Verliert die Demonstration nicht an Bedeutung, wenn diejenigen gar nicht da sind, gegen die sich der Protest richtet?
Bimmerle

Überhaupt nicht. Es ist unser Anliegen, dass diese „Spaziergänge“ in Zukunft so nicht mehr stattfinden. Das heißt nicht, dass angemeldete Kundgebungen nicht erlaubt sind. Die sogenannten Spaziergänge muss man ganz stark trennen von den Kundgebungen, die am Samstag stattfinden. Solange die Auflagen eingehalten werden, ist die Versammlung selbstverständlich geschützt. Die „Spaziergänge“ sind das eben nicht. Sie sind derzeit verboten.

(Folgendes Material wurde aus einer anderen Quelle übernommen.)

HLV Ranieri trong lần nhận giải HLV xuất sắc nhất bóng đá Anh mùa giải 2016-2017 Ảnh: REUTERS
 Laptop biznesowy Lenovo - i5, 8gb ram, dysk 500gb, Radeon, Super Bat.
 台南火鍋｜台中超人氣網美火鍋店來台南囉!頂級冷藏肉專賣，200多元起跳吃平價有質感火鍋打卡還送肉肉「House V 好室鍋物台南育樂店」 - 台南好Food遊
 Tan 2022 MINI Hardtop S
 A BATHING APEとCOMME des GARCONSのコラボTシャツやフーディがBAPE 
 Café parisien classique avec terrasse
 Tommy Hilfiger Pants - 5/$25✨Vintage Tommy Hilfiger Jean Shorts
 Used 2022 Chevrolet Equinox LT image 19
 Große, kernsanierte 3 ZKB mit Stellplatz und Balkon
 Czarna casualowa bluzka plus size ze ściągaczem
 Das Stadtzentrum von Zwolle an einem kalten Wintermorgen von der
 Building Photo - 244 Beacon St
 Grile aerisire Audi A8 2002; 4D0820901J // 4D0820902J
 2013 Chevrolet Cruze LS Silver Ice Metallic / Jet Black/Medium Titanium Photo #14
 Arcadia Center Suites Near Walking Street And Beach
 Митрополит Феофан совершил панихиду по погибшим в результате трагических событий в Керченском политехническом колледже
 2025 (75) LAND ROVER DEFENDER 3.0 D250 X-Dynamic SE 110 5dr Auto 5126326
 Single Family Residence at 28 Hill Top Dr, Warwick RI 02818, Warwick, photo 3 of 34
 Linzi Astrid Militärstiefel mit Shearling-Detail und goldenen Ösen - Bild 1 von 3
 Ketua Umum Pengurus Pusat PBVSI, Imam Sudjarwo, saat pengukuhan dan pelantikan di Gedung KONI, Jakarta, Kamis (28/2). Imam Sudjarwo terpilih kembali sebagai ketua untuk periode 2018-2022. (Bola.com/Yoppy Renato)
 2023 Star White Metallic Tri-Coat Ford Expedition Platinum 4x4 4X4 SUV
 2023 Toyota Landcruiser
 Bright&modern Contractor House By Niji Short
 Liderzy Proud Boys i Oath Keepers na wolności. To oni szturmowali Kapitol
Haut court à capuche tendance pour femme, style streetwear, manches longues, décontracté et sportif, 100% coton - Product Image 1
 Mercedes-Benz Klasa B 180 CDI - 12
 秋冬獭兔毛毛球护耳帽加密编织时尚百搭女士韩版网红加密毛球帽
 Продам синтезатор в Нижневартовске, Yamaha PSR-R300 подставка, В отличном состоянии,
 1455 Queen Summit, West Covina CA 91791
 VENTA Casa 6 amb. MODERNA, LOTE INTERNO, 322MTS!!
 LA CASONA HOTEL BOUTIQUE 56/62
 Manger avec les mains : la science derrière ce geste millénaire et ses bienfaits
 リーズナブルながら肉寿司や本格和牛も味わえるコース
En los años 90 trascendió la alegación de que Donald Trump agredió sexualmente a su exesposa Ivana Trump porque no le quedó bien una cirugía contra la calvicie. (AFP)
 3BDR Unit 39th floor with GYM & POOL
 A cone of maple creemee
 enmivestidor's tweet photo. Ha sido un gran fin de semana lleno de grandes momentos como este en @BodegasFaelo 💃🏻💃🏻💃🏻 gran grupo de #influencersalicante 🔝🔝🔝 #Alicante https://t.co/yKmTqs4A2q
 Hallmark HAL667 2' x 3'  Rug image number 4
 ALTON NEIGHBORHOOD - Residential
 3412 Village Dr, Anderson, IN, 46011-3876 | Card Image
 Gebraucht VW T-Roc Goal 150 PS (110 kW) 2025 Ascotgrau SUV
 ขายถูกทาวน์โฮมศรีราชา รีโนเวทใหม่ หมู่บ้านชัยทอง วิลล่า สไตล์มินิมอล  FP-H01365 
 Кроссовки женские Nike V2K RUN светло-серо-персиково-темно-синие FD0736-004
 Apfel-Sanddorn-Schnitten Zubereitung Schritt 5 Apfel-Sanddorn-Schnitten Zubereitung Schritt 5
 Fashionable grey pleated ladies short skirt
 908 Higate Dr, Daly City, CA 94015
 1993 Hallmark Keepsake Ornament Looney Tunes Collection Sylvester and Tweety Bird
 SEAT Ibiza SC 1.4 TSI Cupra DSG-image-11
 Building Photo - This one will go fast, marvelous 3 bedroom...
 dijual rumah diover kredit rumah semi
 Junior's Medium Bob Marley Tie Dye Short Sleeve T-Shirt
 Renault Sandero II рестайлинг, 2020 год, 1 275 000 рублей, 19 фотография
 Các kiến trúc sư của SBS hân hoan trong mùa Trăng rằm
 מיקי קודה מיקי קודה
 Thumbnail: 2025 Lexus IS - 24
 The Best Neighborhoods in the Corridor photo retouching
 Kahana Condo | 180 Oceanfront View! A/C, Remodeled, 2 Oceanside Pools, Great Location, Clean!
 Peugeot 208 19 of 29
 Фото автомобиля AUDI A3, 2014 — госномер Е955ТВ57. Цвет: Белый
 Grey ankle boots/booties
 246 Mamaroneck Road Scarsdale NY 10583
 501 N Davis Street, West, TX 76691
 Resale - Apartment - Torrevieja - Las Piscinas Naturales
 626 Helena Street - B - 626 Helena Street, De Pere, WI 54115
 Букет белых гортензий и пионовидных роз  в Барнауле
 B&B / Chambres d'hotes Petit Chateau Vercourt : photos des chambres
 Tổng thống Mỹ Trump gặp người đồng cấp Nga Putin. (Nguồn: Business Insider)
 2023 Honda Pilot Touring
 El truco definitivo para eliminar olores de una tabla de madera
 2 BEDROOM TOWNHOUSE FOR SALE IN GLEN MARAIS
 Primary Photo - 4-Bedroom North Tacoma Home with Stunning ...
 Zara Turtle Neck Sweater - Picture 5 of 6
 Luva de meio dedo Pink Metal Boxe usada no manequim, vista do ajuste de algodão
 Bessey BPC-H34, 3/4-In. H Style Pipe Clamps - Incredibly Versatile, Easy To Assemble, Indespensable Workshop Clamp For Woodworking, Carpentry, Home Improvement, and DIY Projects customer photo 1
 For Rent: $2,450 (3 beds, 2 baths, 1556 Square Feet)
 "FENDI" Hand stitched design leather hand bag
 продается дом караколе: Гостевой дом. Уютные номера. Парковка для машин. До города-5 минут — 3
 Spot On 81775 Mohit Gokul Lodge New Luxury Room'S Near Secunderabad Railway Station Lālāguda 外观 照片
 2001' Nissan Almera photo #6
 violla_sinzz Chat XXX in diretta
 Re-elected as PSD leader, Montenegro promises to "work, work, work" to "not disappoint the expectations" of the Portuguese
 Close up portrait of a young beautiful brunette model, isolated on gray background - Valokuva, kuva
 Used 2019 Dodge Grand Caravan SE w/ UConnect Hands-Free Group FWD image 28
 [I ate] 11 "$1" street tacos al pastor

Das Ziel ist, dass die Karlsruher Zivilgesellschaft und die Bürgerinnen und Bürger nochmal deutlich machen, dass Querdenken eben nicht die Mehrheit ist, sondern eine kleine Minderheit, die sich völlig unsolidarisch in dieser Krise verhält.

Durch Ihre Gegendemonstration erhalten die sogenannten Montagsspaziergänge besondere Aufmerksamkeit. Wäre es aus Ihrer Sicht nicht besser, die wöchentliche Demonstration zu ignorieren?
Bimmerle

Wenn sich hunderte Menschen jeden Montagabend durch die Innenstadt bewegen und sich nicht an die Masken- und Abstandsregeln halten, dann ist das nicht so einfach zu ignorieren. Für die Menschen, die sich in der Innenstadt aufhalten, stellt das eine Gesundheitsgefahr dar. Wir sehen in der ganzen Bundesrepublik eine Radikalisierung bei Querdenken. Da müssen wir ein Zeichen dagegensetzen.